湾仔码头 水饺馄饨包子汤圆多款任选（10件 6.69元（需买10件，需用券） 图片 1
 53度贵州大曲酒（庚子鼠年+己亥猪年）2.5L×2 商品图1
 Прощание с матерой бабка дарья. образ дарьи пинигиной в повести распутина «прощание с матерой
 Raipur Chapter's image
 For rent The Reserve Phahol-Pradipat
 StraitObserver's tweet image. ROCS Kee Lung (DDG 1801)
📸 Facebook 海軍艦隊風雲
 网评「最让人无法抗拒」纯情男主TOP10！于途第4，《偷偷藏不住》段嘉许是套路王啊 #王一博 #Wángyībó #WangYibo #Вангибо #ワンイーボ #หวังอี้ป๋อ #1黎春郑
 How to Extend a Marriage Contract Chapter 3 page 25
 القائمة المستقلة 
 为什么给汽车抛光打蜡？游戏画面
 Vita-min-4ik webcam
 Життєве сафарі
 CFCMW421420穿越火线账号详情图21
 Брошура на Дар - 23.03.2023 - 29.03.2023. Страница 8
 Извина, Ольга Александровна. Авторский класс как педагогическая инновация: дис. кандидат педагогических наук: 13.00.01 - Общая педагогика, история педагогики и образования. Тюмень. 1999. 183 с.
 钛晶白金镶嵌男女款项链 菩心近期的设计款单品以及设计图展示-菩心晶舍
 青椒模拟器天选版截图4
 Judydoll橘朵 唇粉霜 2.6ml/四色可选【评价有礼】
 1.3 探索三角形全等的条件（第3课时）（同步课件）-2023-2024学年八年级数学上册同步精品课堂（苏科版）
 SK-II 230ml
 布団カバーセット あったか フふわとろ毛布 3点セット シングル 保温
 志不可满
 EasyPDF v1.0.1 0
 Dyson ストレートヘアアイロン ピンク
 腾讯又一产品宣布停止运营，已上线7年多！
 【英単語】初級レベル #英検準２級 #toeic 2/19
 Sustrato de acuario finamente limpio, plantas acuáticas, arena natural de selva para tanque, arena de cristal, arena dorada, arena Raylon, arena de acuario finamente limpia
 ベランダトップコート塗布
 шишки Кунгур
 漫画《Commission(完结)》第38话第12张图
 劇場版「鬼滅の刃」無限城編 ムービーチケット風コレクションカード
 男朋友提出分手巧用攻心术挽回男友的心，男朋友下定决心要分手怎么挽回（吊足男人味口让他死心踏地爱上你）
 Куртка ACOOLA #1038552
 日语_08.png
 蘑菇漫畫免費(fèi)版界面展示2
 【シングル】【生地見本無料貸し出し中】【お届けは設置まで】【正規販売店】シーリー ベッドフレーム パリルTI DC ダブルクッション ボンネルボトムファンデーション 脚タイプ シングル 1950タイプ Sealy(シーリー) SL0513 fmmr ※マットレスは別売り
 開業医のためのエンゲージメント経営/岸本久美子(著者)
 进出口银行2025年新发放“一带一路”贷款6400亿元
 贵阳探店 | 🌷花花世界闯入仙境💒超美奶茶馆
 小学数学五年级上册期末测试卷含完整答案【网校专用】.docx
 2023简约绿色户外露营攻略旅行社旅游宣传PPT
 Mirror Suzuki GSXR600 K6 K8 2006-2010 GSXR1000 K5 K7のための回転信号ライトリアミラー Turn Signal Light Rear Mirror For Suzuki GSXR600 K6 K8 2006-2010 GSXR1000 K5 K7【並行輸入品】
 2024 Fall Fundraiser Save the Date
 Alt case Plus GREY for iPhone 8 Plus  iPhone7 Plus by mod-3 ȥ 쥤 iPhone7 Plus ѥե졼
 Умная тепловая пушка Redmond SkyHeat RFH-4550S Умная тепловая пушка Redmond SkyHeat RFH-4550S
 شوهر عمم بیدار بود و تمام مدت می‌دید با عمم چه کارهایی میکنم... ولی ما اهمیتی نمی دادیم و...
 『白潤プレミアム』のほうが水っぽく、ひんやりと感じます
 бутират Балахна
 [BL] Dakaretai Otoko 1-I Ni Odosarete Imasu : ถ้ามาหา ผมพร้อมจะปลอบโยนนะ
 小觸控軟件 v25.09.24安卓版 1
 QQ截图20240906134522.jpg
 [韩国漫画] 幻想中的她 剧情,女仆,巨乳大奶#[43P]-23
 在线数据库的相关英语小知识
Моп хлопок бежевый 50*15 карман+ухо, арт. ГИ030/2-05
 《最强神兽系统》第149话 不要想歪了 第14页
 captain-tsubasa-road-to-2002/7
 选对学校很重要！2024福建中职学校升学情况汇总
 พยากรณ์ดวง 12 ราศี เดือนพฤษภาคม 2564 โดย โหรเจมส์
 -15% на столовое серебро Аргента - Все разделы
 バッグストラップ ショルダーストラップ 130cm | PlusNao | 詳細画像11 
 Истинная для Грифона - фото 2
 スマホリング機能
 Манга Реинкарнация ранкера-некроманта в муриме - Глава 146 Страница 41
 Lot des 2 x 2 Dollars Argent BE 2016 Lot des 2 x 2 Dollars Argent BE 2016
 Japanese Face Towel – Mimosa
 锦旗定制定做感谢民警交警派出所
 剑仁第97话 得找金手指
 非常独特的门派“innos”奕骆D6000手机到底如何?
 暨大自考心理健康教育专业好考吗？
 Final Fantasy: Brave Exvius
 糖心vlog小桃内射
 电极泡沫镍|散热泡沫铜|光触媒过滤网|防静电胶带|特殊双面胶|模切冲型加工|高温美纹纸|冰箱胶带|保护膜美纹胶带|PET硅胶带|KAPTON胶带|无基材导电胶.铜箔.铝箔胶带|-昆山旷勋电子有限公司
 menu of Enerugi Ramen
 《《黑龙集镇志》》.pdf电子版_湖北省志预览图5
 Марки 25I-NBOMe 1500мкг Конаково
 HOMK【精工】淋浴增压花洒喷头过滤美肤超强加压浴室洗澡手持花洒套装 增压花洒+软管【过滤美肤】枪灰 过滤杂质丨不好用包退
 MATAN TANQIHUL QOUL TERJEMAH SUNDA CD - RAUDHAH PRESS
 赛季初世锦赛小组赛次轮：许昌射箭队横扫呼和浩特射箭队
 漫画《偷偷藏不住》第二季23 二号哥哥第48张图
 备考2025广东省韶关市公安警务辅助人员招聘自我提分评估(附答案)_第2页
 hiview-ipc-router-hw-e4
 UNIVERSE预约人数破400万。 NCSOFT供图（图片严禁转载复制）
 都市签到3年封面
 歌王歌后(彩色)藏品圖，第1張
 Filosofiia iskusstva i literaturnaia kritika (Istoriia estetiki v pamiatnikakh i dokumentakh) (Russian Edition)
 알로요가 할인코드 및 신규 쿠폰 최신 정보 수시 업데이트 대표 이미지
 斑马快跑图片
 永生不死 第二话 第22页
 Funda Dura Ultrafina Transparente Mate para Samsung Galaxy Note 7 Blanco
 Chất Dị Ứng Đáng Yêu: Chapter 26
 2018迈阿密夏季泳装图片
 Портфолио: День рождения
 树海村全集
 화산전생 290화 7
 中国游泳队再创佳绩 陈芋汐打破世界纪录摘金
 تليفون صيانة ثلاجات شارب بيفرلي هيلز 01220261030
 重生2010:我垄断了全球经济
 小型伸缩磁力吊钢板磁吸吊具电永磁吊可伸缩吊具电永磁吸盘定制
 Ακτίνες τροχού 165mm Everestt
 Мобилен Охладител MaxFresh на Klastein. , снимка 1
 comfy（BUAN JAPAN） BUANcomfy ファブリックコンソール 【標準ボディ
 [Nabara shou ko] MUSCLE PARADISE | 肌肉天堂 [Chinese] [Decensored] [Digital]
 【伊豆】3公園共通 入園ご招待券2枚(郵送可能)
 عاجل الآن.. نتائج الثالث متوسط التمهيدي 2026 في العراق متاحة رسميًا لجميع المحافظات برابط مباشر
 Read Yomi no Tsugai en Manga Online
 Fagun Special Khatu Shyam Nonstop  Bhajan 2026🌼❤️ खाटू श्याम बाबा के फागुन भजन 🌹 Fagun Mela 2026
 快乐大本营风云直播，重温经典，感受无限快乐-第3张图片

Directions: Lines with the word "Страница" in them: report all of these from the listing above.

Task answer:
 Брошура на Дар - 23.03.2023 - 29.03.2023. Страница 8
 Манга Реинкарнация ранкера-некроманта в муриме - Глава 146 Страница 41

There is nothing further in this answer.